What you have to do = Filter the entries for the word "garlic". Copy each line in which it occurs.

======== Recorded data ========

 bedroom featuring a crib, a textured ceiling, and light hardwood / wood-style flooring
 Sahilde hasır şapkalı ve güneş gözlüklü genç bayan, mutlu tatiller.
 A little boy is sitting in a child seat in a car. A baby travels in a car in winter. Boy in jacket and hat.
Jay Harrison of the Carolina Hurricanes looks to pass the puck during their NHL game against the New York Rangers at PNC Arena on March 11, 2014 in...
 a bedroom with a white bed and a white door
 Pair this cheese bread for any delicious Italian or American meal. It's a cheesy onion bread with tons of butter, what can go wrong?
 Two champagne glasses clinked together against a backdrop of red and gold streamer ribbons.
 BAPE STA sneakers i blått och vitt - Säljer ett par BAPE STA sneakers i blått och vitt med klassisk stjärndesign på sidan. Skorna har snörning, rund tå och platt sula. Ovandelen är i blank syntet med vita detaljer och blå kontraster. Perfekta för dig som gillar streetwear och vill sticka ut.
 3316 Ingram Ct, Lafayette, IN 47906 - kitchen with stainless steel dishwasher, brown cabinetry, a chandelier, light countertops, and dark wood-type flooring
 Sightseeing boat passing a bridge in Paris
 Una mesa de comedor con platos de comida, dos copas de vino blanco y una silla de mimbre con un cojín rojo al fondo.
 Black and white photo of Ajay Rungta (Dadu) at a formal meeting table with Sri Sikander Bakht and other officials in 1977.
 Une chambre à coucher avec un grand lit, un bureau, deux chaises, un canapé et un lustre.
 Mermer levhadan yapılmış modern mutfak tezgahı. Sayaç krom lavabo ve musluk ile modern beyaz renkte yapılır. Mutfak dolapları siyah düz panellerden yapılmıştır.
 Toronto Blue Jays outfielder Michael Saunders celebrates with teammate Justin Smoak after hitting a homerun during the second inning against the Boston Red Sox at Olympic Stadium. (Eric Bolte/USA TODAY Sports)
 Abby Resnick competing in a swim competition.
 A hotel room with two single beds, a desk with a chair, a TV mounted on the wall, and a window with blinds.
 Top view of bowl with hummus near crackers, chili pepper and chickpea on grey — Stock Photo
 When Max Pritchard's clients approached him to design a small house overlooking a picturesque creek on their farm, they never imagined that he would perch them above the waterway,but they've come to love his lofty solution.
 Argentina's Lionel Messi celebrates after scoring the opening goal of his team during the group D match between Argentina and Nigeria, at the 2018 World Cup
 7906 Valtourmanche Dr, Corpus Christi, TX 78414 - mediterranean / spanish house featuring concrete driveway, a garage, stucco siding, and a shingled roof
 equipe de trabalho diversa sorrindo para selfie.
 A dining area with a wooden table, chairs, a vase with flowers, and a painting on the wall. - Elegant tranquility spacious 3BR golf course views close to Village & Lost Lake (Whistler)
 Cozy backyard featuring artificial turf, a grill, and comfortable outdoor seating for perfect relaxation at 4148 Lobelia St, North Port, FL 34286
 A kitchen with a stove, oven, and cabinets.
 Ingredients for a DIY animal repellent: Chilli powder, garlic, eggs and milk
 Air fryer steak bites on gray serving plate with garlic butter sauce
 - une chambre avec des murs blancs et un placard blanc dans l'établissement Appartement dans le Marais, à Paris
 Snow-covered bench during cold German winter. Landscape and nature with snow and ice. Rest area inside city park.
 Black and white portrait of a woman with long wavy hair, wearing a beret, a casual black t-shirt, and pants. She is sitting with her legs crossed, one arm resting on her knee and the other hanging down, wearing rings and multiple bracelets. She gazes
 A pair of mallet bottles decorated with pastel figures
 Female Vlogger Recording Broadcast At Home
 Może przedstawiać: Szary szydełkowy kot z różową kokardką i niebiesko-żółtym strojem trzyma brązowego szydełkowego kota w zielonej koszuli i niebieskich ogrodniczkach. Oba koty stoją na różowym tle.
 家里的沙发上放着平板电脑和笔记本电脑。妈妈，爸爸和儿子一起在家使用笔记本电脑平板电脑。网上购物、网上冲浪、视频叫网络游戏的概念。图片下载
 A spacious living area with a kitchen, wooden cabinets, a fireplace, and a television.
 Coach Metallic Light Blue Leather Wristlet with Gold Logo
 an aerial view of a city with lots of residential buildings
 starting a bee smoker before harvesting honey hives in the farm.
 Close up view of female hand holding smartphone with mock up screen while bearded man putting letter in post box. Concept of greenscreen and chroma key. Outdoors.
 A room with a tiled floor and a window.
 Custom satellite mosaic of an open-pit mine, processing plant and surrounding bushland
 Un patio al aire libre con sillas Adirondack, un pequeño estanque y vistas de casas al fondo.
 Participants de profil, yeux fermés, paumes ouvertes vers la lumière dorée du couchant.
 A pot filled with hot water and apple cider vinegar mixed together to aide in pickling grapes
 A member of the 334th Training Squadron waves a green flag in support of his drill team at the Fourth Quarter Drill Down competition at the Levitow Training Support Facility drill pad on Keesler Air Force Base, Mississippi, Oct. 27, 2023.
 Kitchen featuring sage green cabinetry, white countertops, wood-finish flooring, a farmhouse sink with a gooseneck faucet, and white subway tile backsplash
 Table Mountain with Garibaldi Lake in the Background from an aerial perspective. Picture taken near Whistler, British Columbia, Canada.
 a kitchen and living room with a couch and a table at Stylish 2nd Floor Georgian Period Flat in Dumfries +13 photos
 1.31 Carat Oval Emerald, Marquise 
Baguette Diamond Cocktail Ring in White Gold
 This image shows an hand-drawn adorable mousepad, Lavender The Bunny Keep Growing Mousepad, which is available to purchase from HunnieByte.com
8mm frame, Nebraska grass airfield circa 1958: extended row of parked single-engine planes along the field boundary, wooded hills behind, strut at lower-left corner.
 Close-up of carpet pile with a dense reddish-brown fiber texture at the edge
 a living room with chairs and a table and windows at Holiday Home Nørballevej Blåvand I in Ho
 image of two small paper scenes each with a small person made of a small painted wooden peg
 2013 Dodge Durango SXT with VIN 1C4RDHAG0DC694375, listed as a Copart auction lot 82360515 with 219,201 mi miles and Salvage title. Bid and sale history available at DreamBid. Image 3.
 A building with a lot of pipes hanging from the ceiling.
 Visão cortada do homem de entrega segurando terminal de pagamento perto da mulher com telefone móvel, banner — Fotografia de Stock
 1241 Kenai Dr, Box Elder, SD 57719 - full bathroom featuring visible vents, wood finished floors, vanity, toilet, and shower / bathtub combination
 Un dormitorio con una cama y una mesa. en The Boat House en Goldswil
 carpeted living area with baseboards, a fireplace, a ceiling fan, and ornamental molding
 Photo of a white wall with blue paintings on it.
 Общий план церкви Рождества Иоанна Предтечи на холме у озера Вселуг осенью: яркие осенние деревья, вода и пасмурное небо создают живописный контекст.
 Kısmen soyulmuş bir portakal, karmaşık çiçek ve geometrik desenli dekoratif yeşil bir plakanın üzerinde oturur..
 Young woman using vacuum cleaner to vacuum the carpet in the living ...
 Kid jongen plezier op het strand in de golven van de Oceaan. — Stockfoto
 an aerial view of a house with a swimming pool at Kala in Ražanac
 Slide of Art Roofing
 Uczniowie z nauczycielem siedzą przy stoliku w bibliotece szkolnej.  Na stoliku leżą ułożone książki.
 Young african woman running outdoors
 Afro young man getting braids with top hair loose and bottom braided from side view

========

Completed exercise =
 Ingredients for a DIY animal repellent: Chilli powder, garlic, eggs and milk
 Air fryer steak bites on gray serving plate with garlic butter sauce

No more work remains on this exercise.